StitcherAI weaves threads to assess whether AI ROI is dressed for success

StitcherAI offers an IT Finance system of intelligence.

The company has announced the availability of technology designed to steer every technology investment decision a human or agent makes against business-aligned financial context, in real time. 

It’s an IT finance intelligence platform that cuts waste and improves ROI by embedding company-specific financial context into real-time investment decisions for AI, cloud, and other IT spend.

StitcherAI’s approach embeds business context directly into organisations’ decision stacks.

FOCUS first

First, it has a semantic engine, built on FOCUS (the open billing standard adopted by AWS, Azure, and Google, co-created by StitcherAI’s founder), which unifies cloud, AI, SaaS and vendor data, and models cost in the business terms boards actually ask about: products, customer segments, margins, unit-economics KPIs, forecasts and cost controls. 

That intelligence flows continuously into data lakes, BI platforms, JIRA, Slack, and ERPs an organisation already runs on.

Omnipresent reasoning engine 

Second, an omnipresent reasoning engine of specialised agents steers organisation-specific financial context into agentic workflows and AI platforms, like Claude, Cursor, and Codex, as IT dollars are committed. 

That shift, from managing cost after the invoice to making business context aware decisions, transforms IT Finance from reactive to proactive, and cuts the time to understand business impact by months. 

Engineers and agents commit spend at a velocity no finance team or tool was built to track.

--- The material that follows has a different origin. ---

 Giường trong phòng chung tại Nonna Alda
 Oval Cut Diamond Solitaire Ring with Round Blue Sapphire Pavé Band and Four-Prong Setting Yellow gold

An agentic workflow can indeterministically route to different tools, models and vendors, each with its own pricing and token math, so unit cost varies from request to request. Existing IT Finance tools depend on engineers remembering to tag, finance teams continuing to police IT spend, and stakeholders remembering to check dashboards.

Human scale, agent scale

At human scale that produced friction – at agent scale, it produces nothing at all.

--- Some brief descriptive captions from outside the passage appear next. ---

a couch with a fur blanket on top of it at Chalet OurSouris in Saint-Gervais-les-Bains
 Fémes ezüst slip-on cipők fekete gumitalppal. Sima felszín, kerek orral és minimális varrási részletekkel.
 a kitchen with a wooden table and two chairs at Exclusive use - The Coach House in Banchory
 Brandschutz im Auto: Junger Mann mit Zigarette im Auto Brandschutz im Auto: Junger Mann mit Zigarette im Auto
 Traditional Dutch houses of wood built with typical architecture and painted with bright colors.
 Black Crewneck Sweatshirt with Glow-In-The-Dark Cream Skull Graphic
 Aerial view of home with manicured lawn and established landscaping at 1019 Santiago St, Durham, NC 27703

Enterprises need a platform that understands their specific IT costs, complexities, and financial goals and can seamlessly drive intelligent decisions.

”I witnessed this problem firsthand while leading global IT Finance at Citi,” said Udam Dewaraja, founder and CEO of StitcherAI. “Humans and agents didn’t check the dashboards of existing tools when committing spend and often didn’t have access to all the relevant data. With StitcherAI, we reimagined how organisations manage modern IT spend using AI to automate low-impact decisions while providing business-aligned financial intelligence for humans to make higher-order IT investment decisions.”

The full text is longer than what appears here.